Exercise material below:

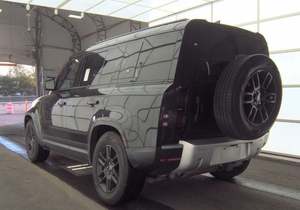 Land Rover Defender 110X Dynamic SE P300 Turbo 2.0L Gasolina Automático SUV 2024 Usado en Buen Estado, Asientos de Cuero, Techo Panorámico LED - Product Image 5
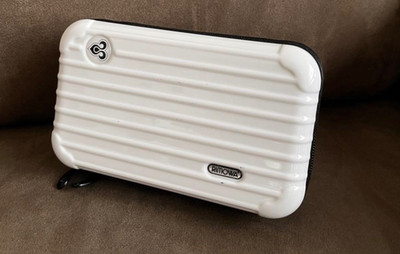 Rimowa Thai Airways First Class Travel Amenity Kit Hartschalenkoffer weiß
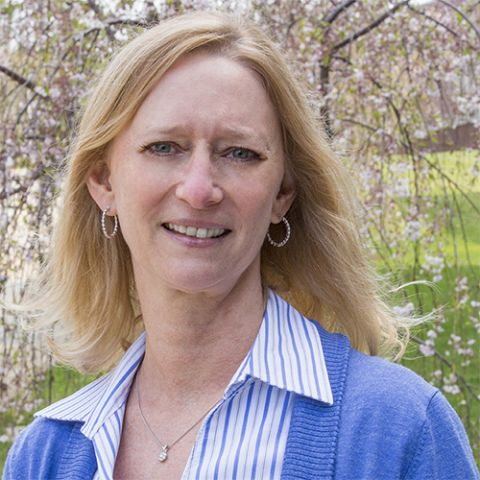 Headshot of Susan Agee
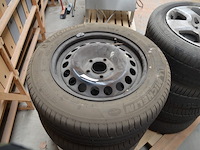 4 banden op velg michelin energy saver 195/65r15 - afbeelding 3 van  6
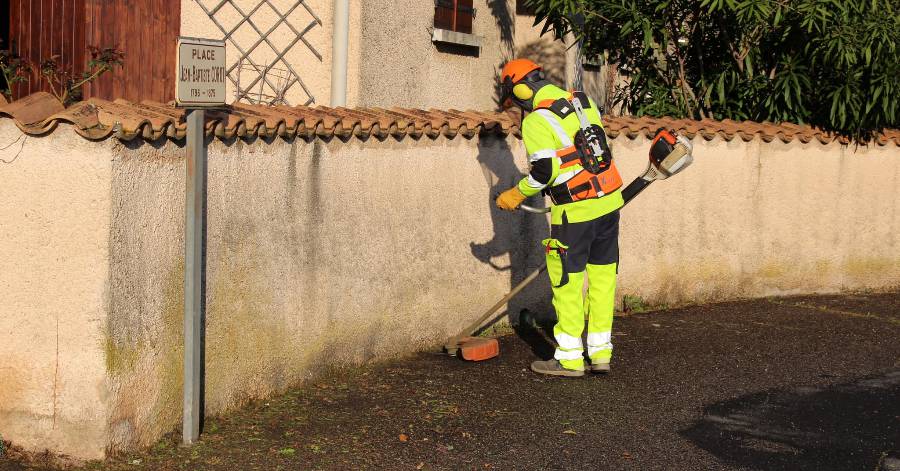 Pézenas - Une opération commune de désherbage et de nettoyage des sols à Pézenas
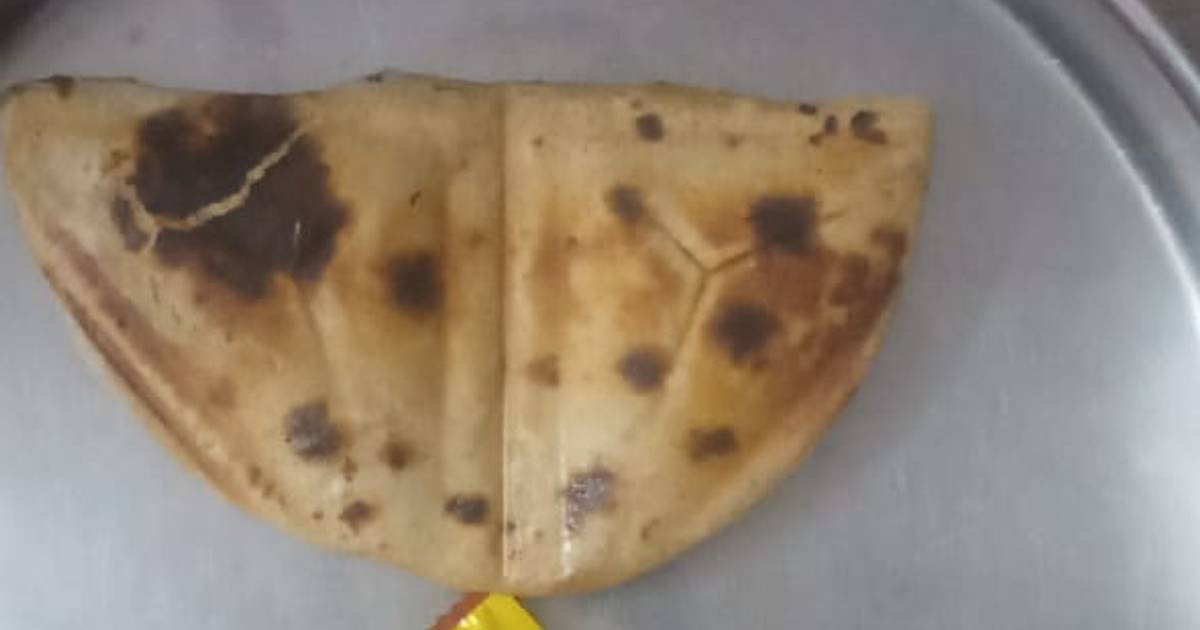 Roti sandwich Recipe by Vaishnavi Tayal - Cookpad
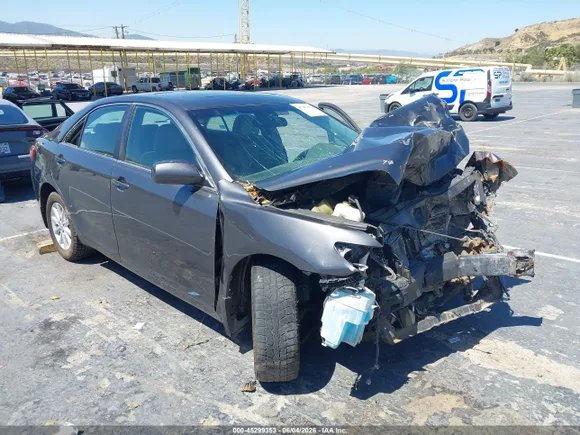 2010 Toyota Camry LE, VIN 4T4BF3EKXAR072029 — Normal wear
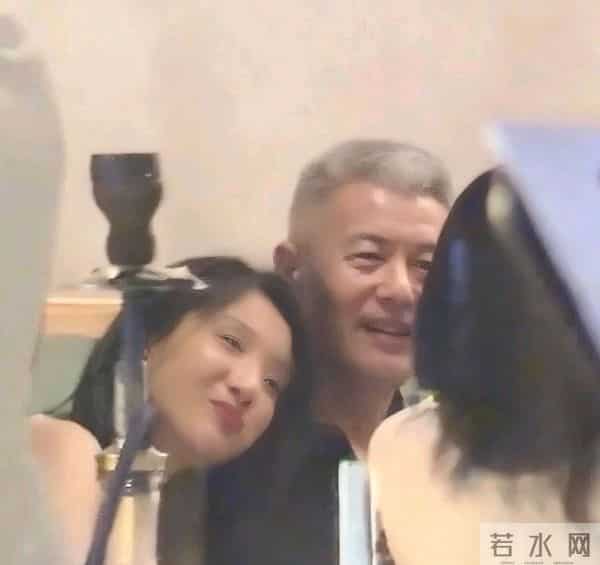 一场生日，戳穿了58岁那英的江湖地位，周深确实一个字都没说错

End of Exercise material.

• **Task statement**: Beginning with the line that contains "Headshot of Susan Agee" in the data above, please copy each line exactly until the last line, both ends included, skipping any pictures.

• **Result of this exercise**:
 Headshot of Susan Agee
 4 banden op velg michelin energy saver 195/65r15 - afbeelding 3 van  6
 Pézenas - Une opération commune de désherbage et de nettoyage des sols à Pézenas
 Roti sandwich Recipe by Vaishnavi Tayal - Cookpad
 2010 Toyota Camry LE, VIN 4T4BF3EKXAR072029 — Normal wear
 一场生日，戳穿了58岁那英的江湖地位，周深确实一个字都没说错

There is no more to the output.